Second, the data on Taiwan is weaker than that provided for Japan and South Korea; the number of interviewees and focus group participants was much lower (96). As a result, the arguments about Taiwan’s immigrant incorporation are sometimes partial or reductive, overlooking policy transformation over time. For example, some interviewed activists or cited scholars refer to earlier discriminatory policies which have been abolished due to successful civil activism (197). It is true that Taiwan’s labour unions have shown little support for migrant workers, but non-government organizations working with marriage migrants have mushroomed in the last couple of decades; the number is no less significant than those found in Japan or South Korea considering Taiwan’s smaller population (77). Chapter 5 actually states that Taiwan’s migrant advocacy has concentrated on organizing and empowering marriage migrants rather than characterizing them as victims as in the case of South Korea (160). Southeast Asian spouses and their children (so-called “new second generation”) even occupy a symbolic central status in the 2016 New Southbound Policy, a development and geopolitical policy that celebrates Taiwan’s multicultural connections to balance out its trade and social ties with China. All of the above contradicts the gloomy conclusion in the book and indicates more complexities about the uneven incorporation of immigrant subgroups in Taiwan.
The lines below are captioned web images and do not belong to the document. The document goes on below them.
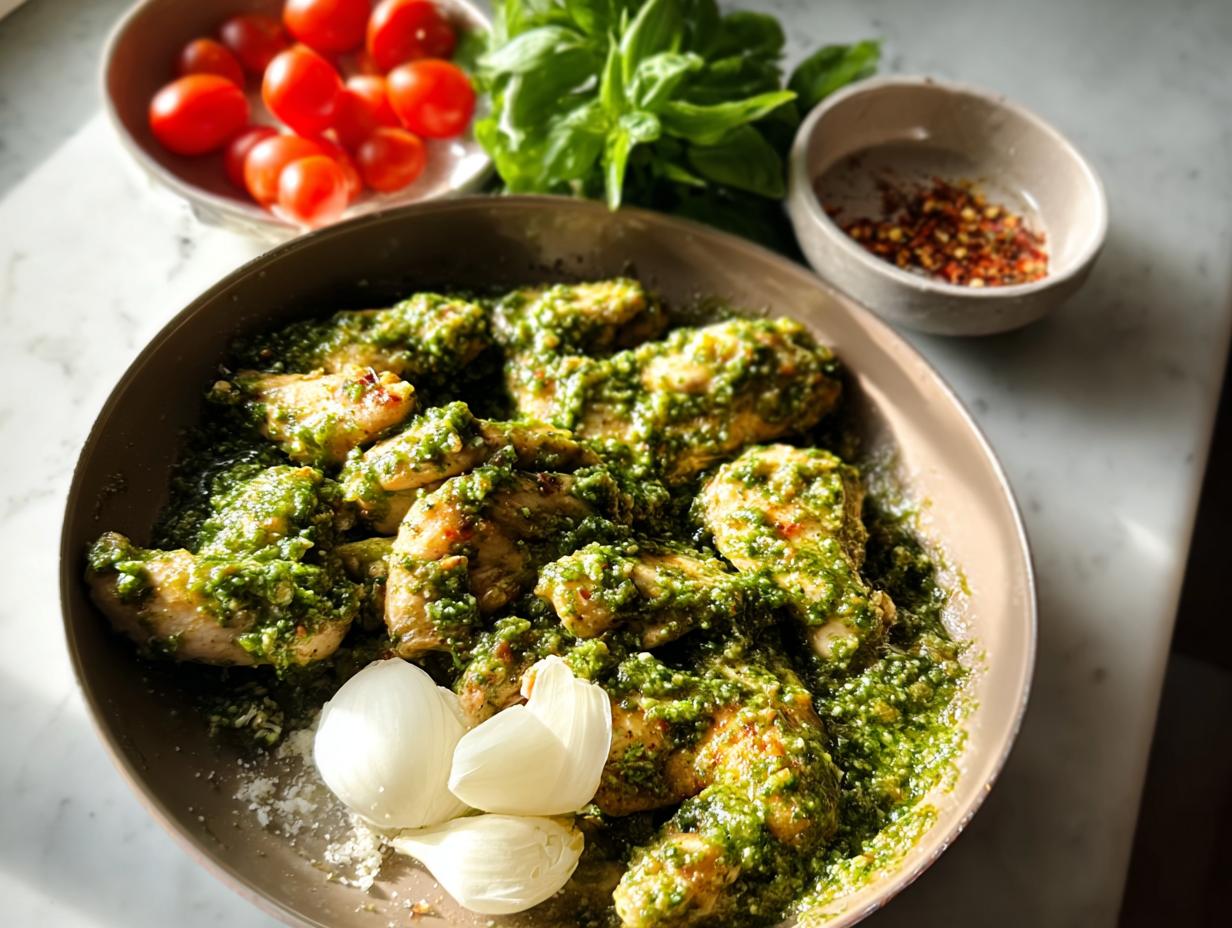 Creamy Pesto Chicken: 1 Pan Wonder - Creamy Pesto Chicken - additional detail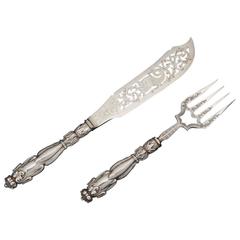 Victorian English Sterling Silver Fish Serving Set by Atkin Brothers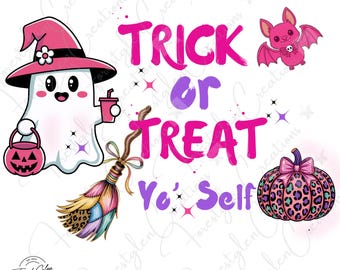 Pastel Halloween PNG: Kawaii Ghost, Bat, Pumpkin - Sublimation Design (Digital Download)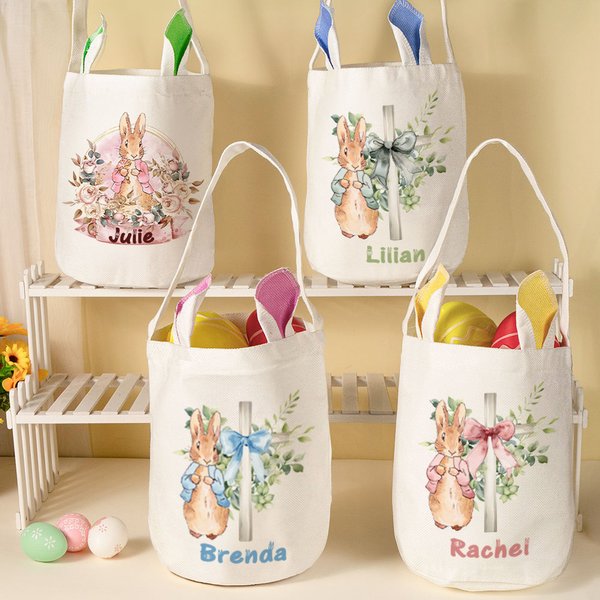 Personalized Floral Cross Peter Rabbit Ears Basket with Name Easter Party Eggs Hunting Birthday Gift for Boys Girls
Finally, I find the portrait of immigrant incorporation in Japan brighter than what I have myself observed. Non-citizen permanent residents in Japan are entitled to civil rights and even local voting rights largely because of the unique existence of Zainichi Koreans, who were born in Japan and speak fluent Japanese. By contrast, Japan’s government continues to deny the existence of de facto labour migration and maintain the trainee program that is vulnerable to exploitation. I wonder to what extent local community organizations can incorporate marginal migrant groups and have a voice in the policy-making process. An in-depth analysis of Japan’s multiple tracks of labour migration, including students and trainees, is needed to complete the picture of immigrant incorporation.